Sessions’s nomination is likewise supported by President Obama’s former surgeon general, black Alabamian Regina Benjamin; by Alabama state-senate Democratic leader Quinton Ross, also black; and by a host of other black Alabamians of both parties.
Red-state voters surely won’t put up with their senators voting against a colleague for spurious reasons, when these senators are on record praising, liking, and working well with that same man. Florida’s Bill Nelson and Indiana’s Joe Donnelly are known to have an excellent working relationship with Sessions, and Claire McCaskill’s relationship with Sessions is almost as solid. And, of course, even some of the decidedly leftist Democrats now making the most noise against Sessions have said wonderful things about him, on the record, in the past: New York’s Chuck Schumer called him “straightforward and fair,” Vermont’s Pat Leahy called him “wonderful to work with,” and Illinois’s Richard Durbin called him “a man of his word.” Even left-most labor secretary Tom Perez has effusively praised Sessions in multiple forums.

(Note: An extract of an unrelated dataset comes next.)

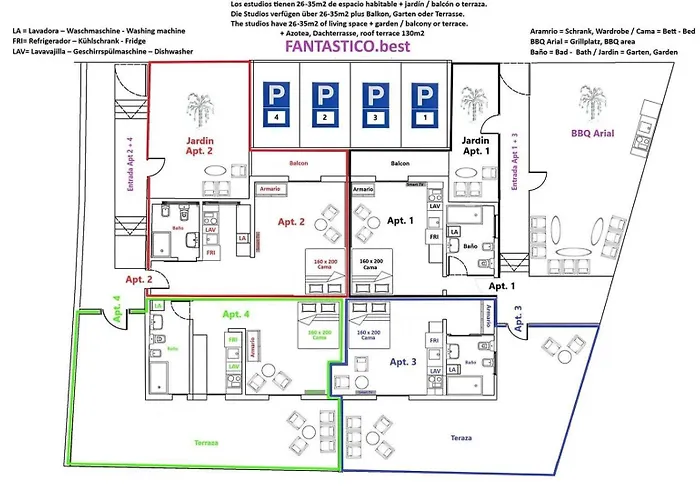 Terrassenzeit 3 公寓 *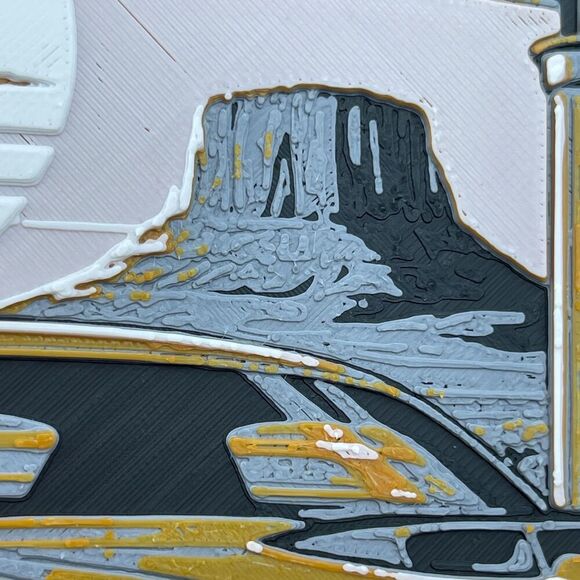 Route 66 Dodge Wall Art, Wall Art, Hueforge Art Print, Textured Art - Picture 9 of 10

#related#The Democratic senators know that Sessions is no racist. Their voters know that Sessions is no racist. And their voters know that their senators know he is no racist. In fact, as they see Sessions handle himself with courtesy and dignity during next week’s confirmation hearings, those red-state voters will resent, strongly, any attempt to join with NAACP occupiers in smearing the Alabaman.
If the best evidence the Left can concoct against Sessions relies on discredited allegations more than three decades old, and if the Left ignores Sessions’s spotless record in public life ever since, the Left will fail, soundly. Any red-state senator who tries to play the race card against Sessions will find himself trumped (or Trumped), decisively, at the ballot box in 2018.